-- SUPPLIED ENTRIES follows --

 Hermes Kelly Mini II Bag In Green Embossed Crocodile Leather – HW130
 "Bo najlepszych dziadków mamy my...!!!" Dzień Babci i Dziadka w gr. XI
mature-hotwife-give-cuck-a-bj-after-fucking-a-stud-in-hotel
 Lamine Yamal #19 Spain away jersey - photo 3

-- SUPPLIED ENTRIES concluded --
-- SUPPLIED ENTRIES follows --

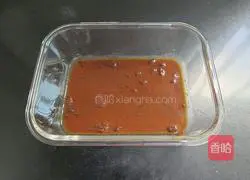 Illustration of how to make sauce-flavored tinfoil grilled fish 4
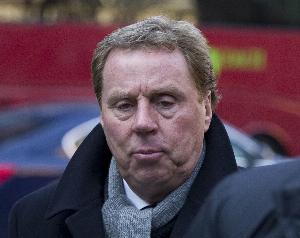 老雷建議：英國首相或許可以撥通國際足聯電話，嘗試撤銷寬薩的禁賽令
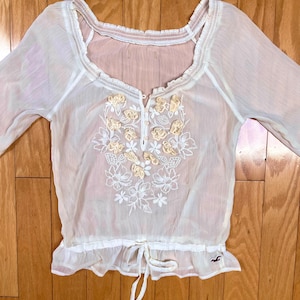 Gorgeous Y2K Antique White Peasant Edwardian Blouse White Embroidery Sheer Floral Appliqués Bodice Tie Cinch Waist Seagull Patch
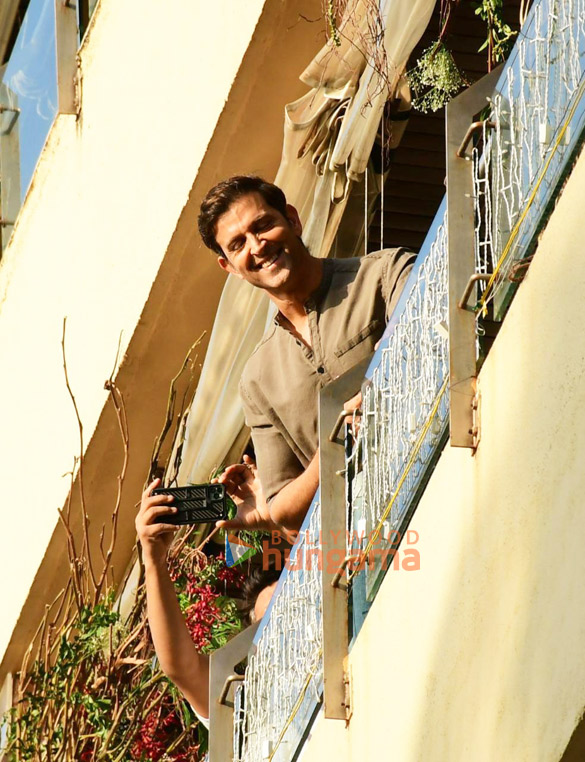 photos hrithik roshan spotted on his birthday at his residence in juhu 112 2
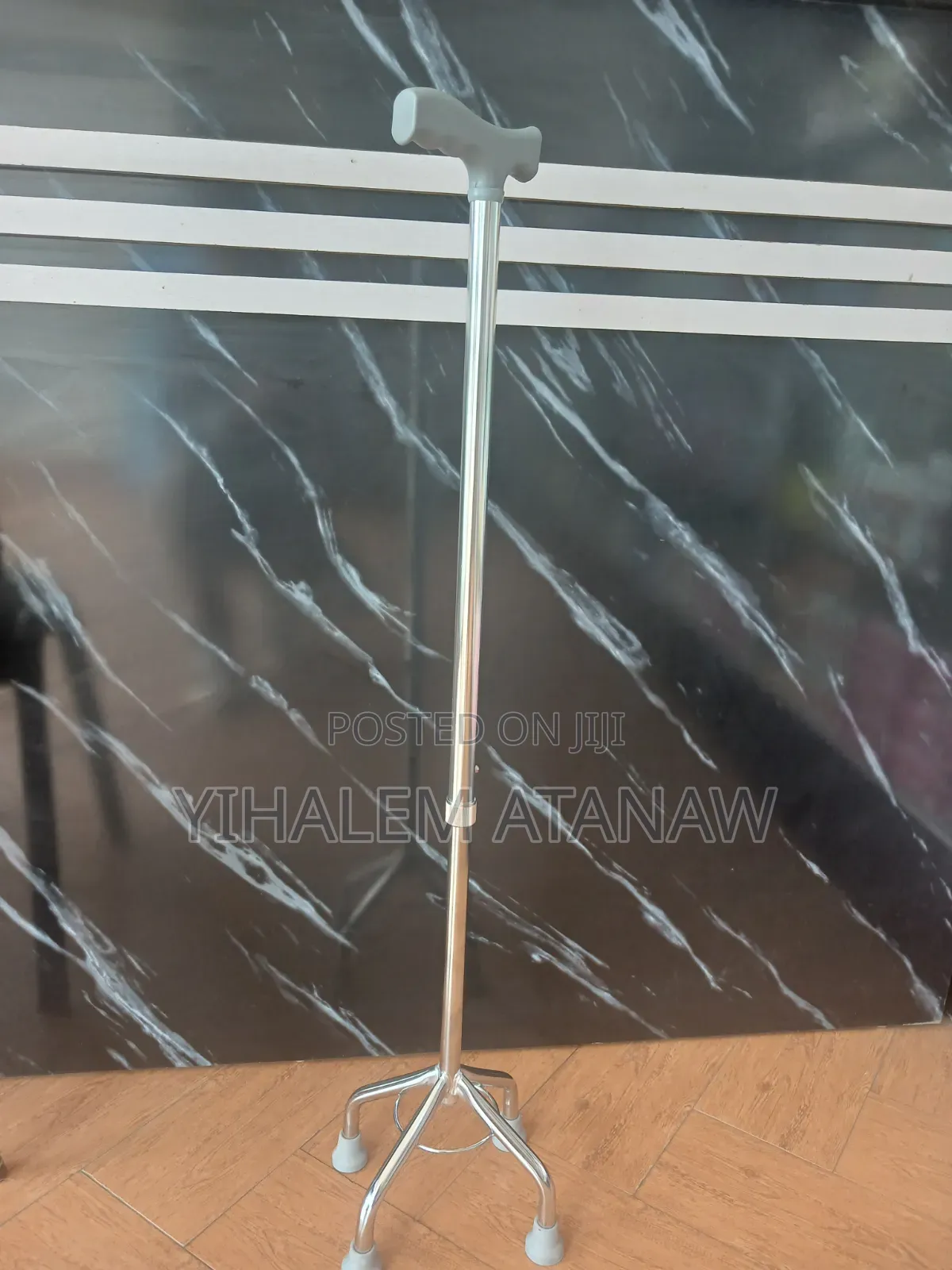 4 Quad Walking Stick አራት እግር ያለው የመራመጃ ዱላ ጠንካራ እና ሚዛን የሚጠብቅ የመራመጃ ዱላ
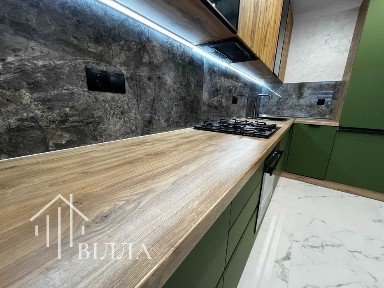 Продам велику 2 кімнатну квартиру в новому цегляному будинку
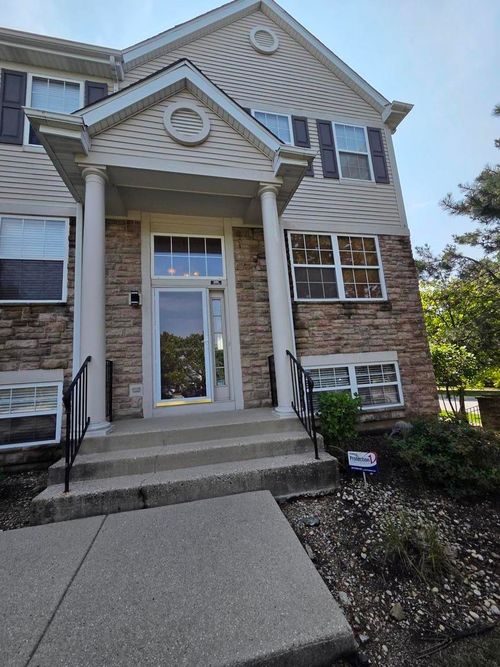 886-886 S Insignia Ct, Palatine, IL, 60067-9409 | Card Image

-- SUPPLIED ENTRIES concluded --
-- SUPPLIED ENTRIES follows --

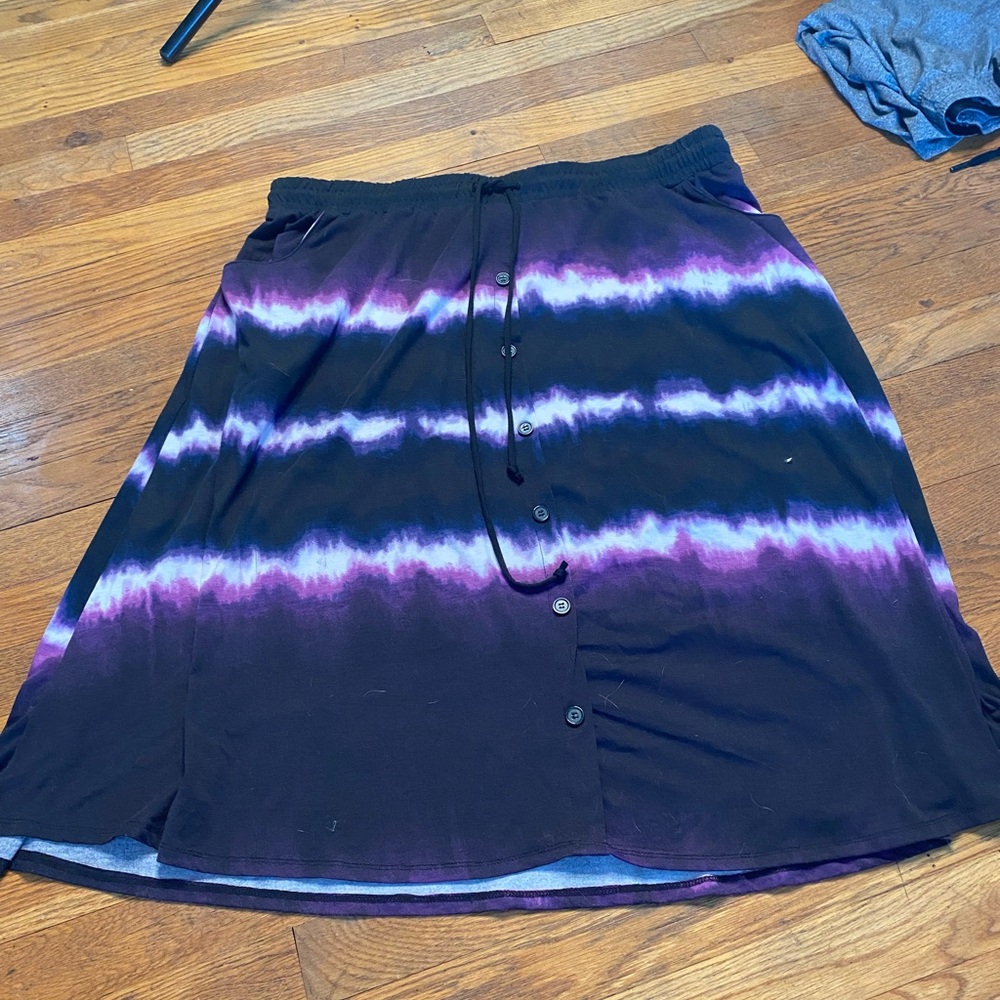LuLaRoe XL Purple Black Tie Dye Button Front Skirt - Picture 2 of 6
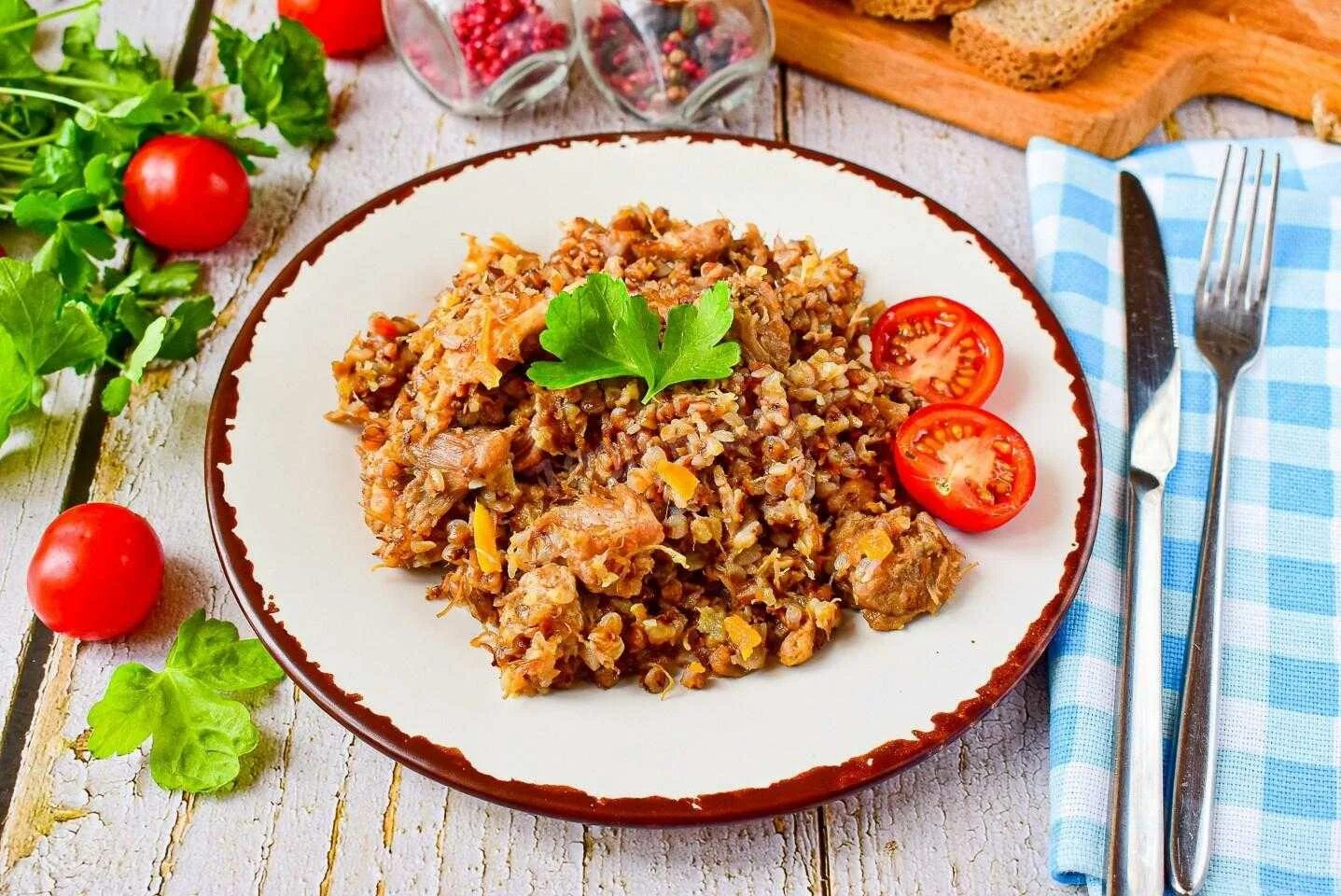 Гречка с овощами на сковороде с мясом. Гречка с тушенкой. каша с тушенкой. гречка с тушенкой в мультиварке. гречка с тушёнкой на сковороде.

-- SUPPLIED ENTRIES concluded --

REQUIRED WORK: Within the listing above, the stretch from the line with "Illustration of how" down to the line with "886-886 S Insignia" is to be given again exactly, end lines included and pictures excluded.

RESPONSE FOR THIS EXERCISE:
 Illustration of how to make sauce-flavored tinfoil grilled fish 4
 老雷建議：英國首相或許可以撥通國際足聯電話，嘗試撤銷寬薩的禁賽令
 Gorgeous Y2K Antique White Peasant Edwardian Blouse White Embroidery Sheer Floral Appliqués Bodice Tie Cinch Waist Seagull Patch
 photos hrithik roshan spotted on his birthday at his residence in juhu 112 2
 4 Quad Walking Stick አራት እግር ያለው የመራመጃ ዱላ ጠንካራ እና ሚዛን የሚጠብቅ የመራመጃ ዱላ
 Продам велику 2 кімнатну квартиру в новому цегляному будинку
 886-886 S Insignia Ct, Palatine, IL, 60067-9409 | Card Image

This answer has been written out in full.